From: The Norton Anthology of American literature, vol. 1 of 2. Ed. Nina Baym, 5th ed. New York
and London; Norton 1998.

Bartolomé de las Casas (1474 – 1566)


Early modern Europe's most eloquent apologist for Native American rights, Bartolomé de las Casas
first heard of the new "discoveries" as a student in Seville in 1493, when Columbus triumphantly
entered that Spanish city. All his life, Casas recalled how Columbus brought with him "seven
Indians who had survived the voyage," and "beautiful green parrots, ... masks made of precious
stones and fishbone, ... sizable samples of very fine gold, and many other things never before seen
in Spain." Although Casas later called the seizure of those seven Taino Indians on the island of
Guanahani "the first injustice committed in the Indies," in the Spain of 1493, neither Casas nor
anyone else had time to reflect on the moral implications of the pageant taking place before their
eyes.
Going to the island of Hispaniola himself in 1502 as a member of a new royal governor's
party, Casas soon was participating eagerly in the exploitation of the natives.
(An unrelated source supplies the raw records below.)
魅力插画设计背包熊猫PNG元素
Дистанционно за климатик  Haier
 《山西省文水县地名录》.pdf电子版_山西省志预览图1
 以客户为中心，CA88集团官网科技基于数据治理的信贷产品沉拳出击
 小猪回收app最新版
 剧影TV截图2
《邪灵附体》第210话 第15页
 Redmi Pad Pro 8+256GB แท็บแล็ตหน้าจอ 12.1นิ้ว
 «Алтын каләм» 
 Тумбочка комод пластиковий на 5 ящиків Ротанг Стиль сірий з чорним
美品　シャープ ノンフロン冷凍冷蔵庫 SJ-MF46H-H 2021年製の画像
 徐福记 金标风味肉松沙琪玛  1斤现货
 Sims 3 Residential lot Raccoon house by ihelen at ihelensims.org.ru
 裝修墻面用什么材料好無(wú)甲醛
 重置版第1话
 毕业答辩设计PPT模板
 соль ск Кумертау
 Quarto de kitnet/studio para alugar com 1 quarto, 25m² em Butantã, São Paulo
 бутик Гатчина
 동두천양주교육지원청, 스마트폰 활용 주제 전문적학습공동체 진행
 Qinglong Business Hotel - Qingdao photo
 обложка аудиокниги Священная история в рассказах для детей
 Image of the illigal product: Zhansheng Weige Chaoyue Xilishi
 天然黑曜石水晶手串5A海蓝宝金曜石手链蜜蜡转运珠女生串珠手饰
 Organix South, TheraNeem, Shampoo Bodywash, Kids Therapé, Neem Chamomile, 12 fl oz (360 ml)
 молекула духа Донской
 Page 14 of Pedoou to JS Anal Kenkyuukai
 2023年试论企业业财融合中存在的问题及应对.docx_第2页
In his History of the
Indies, he was to write of his moral blindness in this period, noting that he "went about his concerns
like the others, sending his share of Indians to work fields and gold mines, taking advantage of them
as much as he could." Later, after becoming a priest, he grew convinced that such behavior was
contrary to Christian teachings and he soon was urging all masters to renounce the slave system (or
encomienda), as he himself had done. In 1515 Casas took the case to Spain, where the government
appointed him "protector of the Indians" and gave him permission to found a peaceful, exemplary
colony on the Venezuelan coast. That venture failed, however, and as Casas withdrew into monastic
seclusion on Hispaniola between 1522 and 1529, brutal new conquests in Guatemala, Nicaragua,
and Peru buried the promise of his Venezuelan project ever deeper. Only in the 1530s, when Casas
returned to political activity, did his arguments have widespread effect. In 1537 Pope Paul III
forbade all further enslavements; in 1542, Emperor Charles V followed suit in the New Laws of the
Indies, which gave Native Americans full protection of the courts, forbidding their enslavement on
any grounds. "We order and command that henceforth," ran one clause, "for no cause whatsoever,
whether of war, rebellion, ransom, or in any other manner, can any Indian be made a slave."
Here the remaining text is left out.